Problem to solve
The whole listing, please: repeat it exactly, with the pictures left out.

Information shown
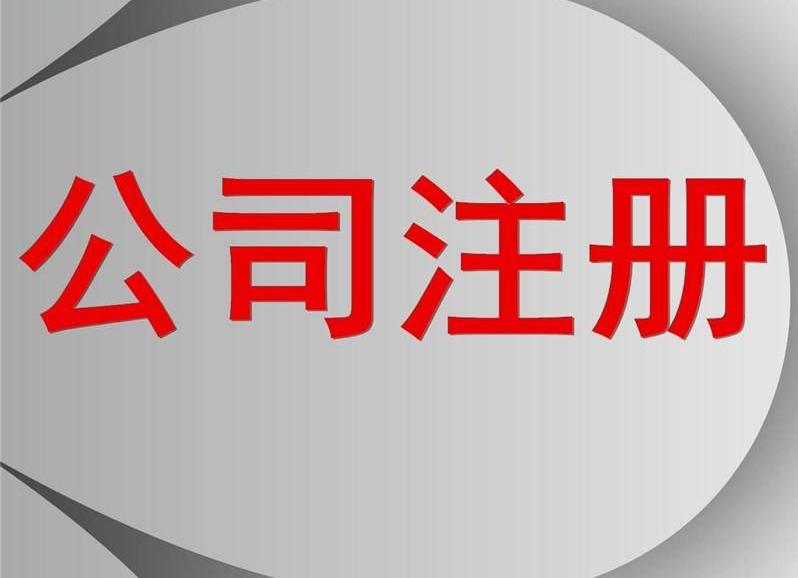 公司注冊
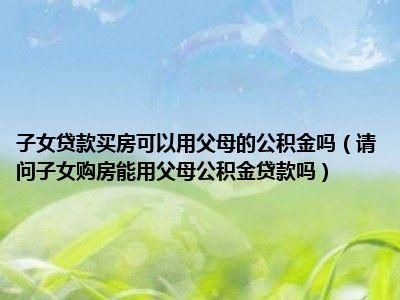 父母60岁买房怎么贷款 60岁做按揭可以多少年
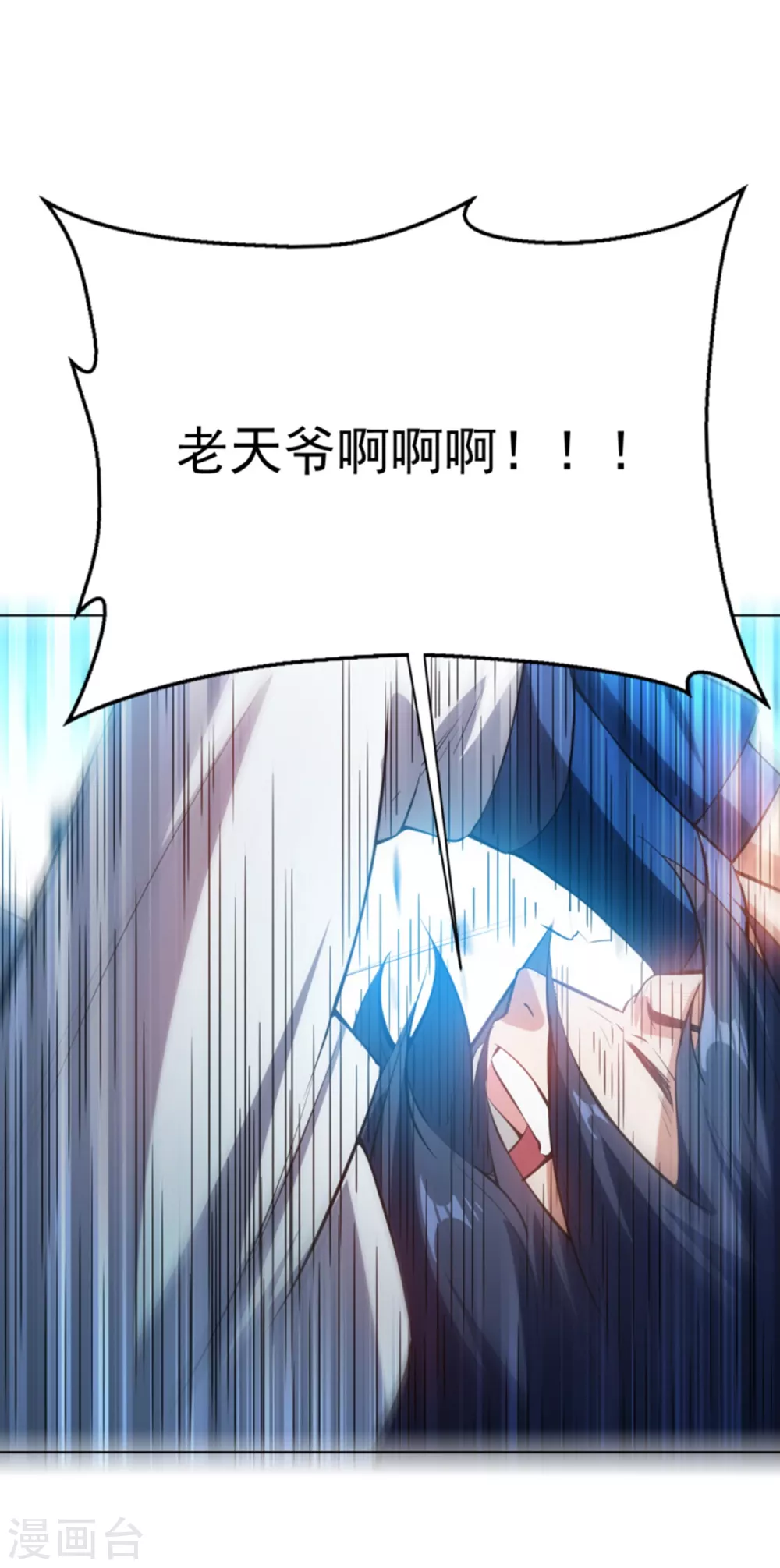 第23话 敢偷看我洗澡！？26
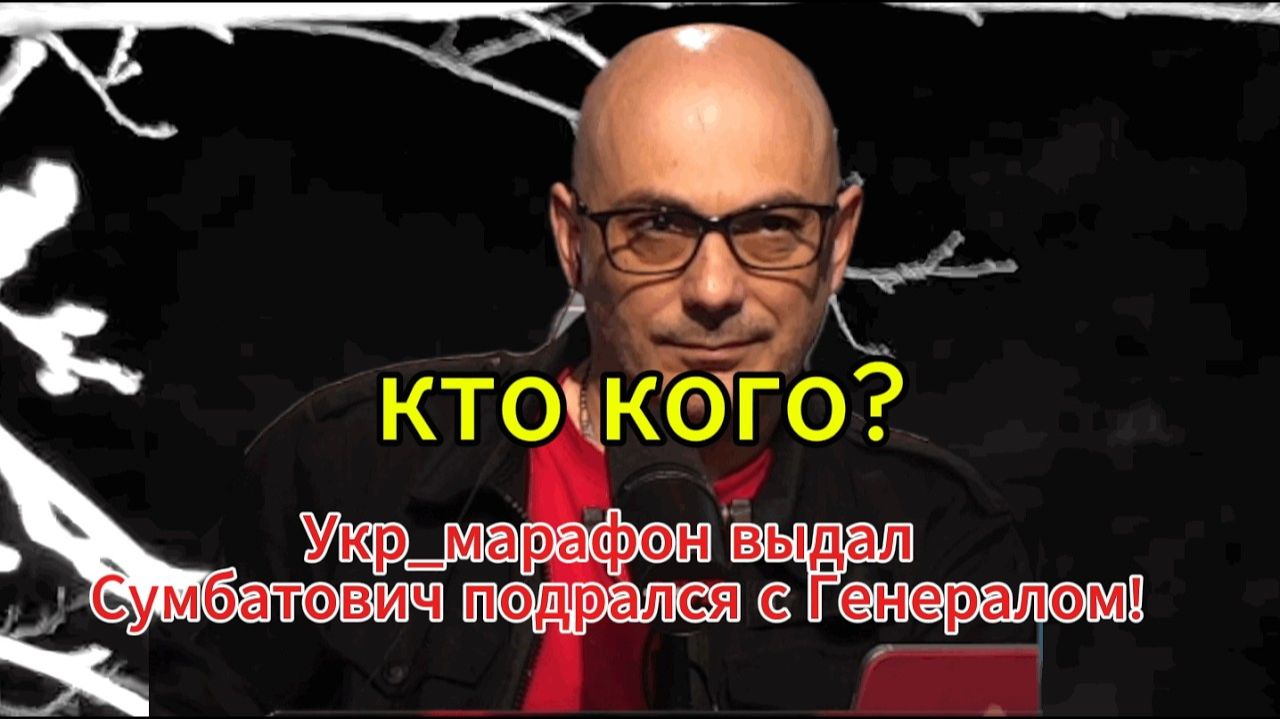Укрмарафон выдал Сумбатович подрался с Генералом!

Task output
 公司注冊
 父母60岁买房怎么贷款 60岁做按揭可以多少年
 第23话 敢偷看我洗澡！？26
Укрмарафон выдал Сумбатович подрался с Генералом!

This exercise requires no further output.